Over the year, participating farmers work one on one with counselors and advisors who provide technical assistance specifically geared toward what they need to work on to tap into wholesale markets.
The assistance can be used to work on identifying which of their products are most profitable and suited for wholesale, determining how they can expand production, developing price points and marketing strategies along with making contacts within the wholesale markets.
“There are a lot of famers that have started recently that are fairly direct markets focused. Those farmers are finding that as they grow, they run into some difficulties,” Jed Beach, a farm business counselor working with Farming for Wholesale, said. “What a lot of those growers find is that they hit kind of a wall, and they’re working harder and harder and making the same money. The tools that we provide in this program really help people get through that wall.”
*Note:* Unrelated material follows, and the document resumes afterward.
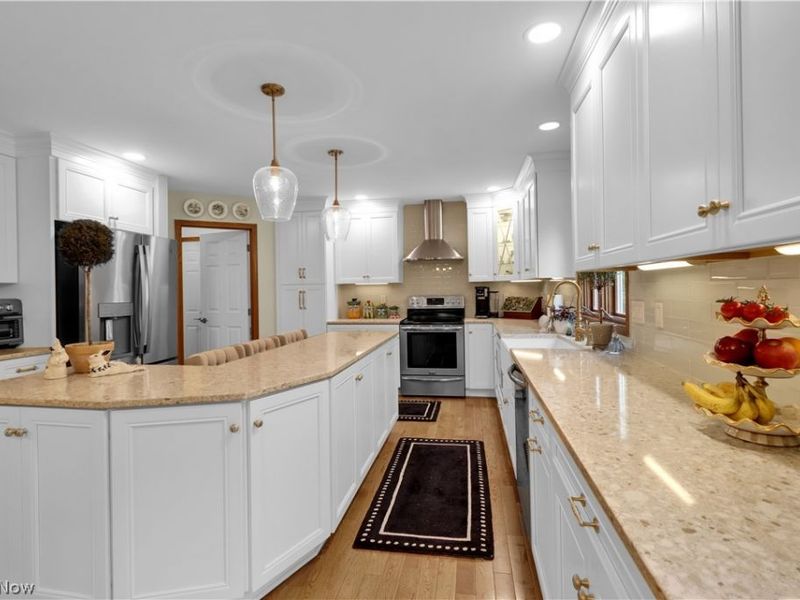 8015 Hansom Place , Mentor, OH 44060 Photo 4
While cajeta is Christelle and Jon McKee’s staple product, they also make goat’s milk soap, caramel candies, fudge and yogurt in their small creamery at their Appleton home.
Beach worked with the couple to develop an efficient pricing model, which led them to realize that they were substantially low balling the price of their yogurt. Beach also provided them with a working spreadsheet document that includes formulas for production costs and pricing.
“He kind of laid it all out for us. It was awesome,” Christelle McKee said.
Being new to the area, Christelle and Jon McKee also benefited from the networking built into Farming for Wholesale 101. They were provided with a list of wholesale contacts, ranging from markets to restaurants, that might be interested in buying their products. The list came complete with contact information and how best the people on the list liked being contacted, which Christelle McKee said boosted their confidence when approaching businesses.
But Farming for Wholesale isn’t just for beginning wholesalers, the program has a second track, Farming for Wholesale 201, which aims to help farmers that presently have wholesale accounts increase their operations.
Chris Cavendish of Fishbowl Farm in Bowdoinham has been selling his salad greens to wholesale accounts for the last four years. The move to wholesale farming came 10 years after running his farm under the direct to consumer model.
“The lifestyle wasn’t suiting me,” Cavendish said, who wanted more time with his family and less time spent at markets.
After a year of selling to wholesale accounts, Cavendish participated in the first year of Farming for Wholesale. However, after already being in the wholesale sector, Cavendish felt he needed wholesale expertise that was at the next level.
This past year, Cavendish participated in Farming for Wholesale 201, which he said in conjunction with the technical assistance in the 101 track, has benefited his wholesale operation greatly in terms of figuring out where he should be focusing his farming.
“With help from the program and Jed Beach, we’ve been able to understand essentially where to focus my attention and resources in regards to my profitability,” Cavendish said.
The application process for the two-year 201 track is more competitive than the 101 program, with only two to four applicants being chosen. The deadline for applications was Dec. 6. During the 201 program, selected participants will have the ability to apply for a grant of up to $50,000 to go toward infrastructure and equipment that would critical in growing their wholesale business.
Christelle and Jon McKee hope to apply for the 201 program track at some point in the near future. But for now they’ll be working on expanding their backyard farm, adding more goats and increasing the size of their creamery and barn.
“We have a lot of work to do,” Christelle McKee said.
While the growth is daunting, each component of the Copper Tail Farm expansion is included in the spreadsheet that Beach prepared for them, making the couple all the more confident that they’re expanding for wholesale the proper way.